Solidity Examples

Standard library (draft)

Temporary storage for a standard library of Solidity contracts.

This is a draft document.

Purpose

The standard library should provide Solidity libraries / functions for performing common tasks, such as working with strings, bits, and other common types, and for working with Ethereum and Ethereum related technologies, like for example Patricia Tries and RLP.

Quality Assurance

Routines for making sure that code meets the required standards when it comes to:

1. Integrity
2. Style
3. Docs

Testing

npm test. Requires solc and testeth to be installed and added to $path. The test script compiles all contracts, auto-generates fillers and puts them in a directory with a layout similar to that of ethereum/tests - although it only contains src/GeneralStateTestsFiller/stSolidityTest; that directory is then used as root for the testeth tests.

Style

The standard library should serve as an (or perhaps the) example of strict, idiomatic Solidity. This means all code is written following the style guide, as well as the practices and patterns laid out at solidity.readthedocs.org. It also means utilizing the language features and compiler to the greatest extent possible. This way of working would not just be a way to ensure quality and readability, but also help drive the development of the style, practices and patterns themselves.

Documentation

Briefly: the documentation should specify - in a very clear and concise a way - what the contract of the library/function is, the interfaces / function signatures should reflect that, and the functions should (obviously) behave as described.

Manual review

Code should be reviewed by at least one person other then the writer.

Issues and feedback

Github issues and gitter solidity channel.

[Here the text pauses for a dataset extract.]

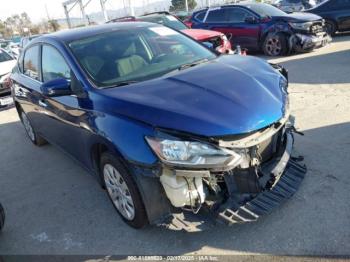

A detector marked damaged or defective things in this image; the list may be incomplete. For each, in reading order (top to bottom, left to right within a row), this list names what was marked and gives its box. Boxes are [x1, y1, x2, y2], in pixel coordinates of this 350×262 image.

Ranking / categorization of contracts

The QA only really applies to code that is meant to be used in production, but the library will also include code that has not yet reached that level.

Node.js has a system of categorizing libraries, experimental, stable, deprecated, and so forth. This library should have something similar.

Test layout

Tests are single-method contracts, extending the STLTest contract, and implementing its testImpl method.

Tests are automatically compiled, and a filler is generated using the compiler artifacts.

testeth is run using all available protocols, and includes fillers both for optimized and unoptimized code.

Basic test is one that either throws or not. If it is expected to throw, it must have Throws somewhere in the test name, otherwise it is assumed that the test should succeed.

Example

This is the STLTest contract.

contract STLTest {

    bool ret;

    function test() {
        ret = true;
        testImpl();
    }

    function testImpl() internal;

}

The test for Bits.bitXor(uint bitfield, uint8 index) looks like this:

contract TestBitsBitXor is BitsTest {
    function testImpl() internal {
        for (uint8 i = 0; i < 12; i++) {
            assert(ONES.bitXor(ONES, i*20) == 0);
            assert(ONES.bitXor(ZERO, i*20) == 1);
            assert(ZERO.bitXor(ONES, i*20) == 1);
            assert(ZERO.bitXor(ZERO, i*20) == 0);
        }
    }
}

It loops over the tested uints and makes sure XOR works as expected.

The xor test is named TestBitsBitXor:

1. Test is because it is a test contract, to distinguish it from other artifacts in the output directory. Tests always start with Test.
2. Bits is the name of the library contract being tested.
3. BitXor is the name of the function being tested.

There can be other things in there as well, like further description of the test. Usually, all test contracts for a given library is in the same solidity source file.

When generated, the full name of this test will be the test name + Opt or Unopt depending on whether or not the compiler was set to optimize, and finally it ends with Filler.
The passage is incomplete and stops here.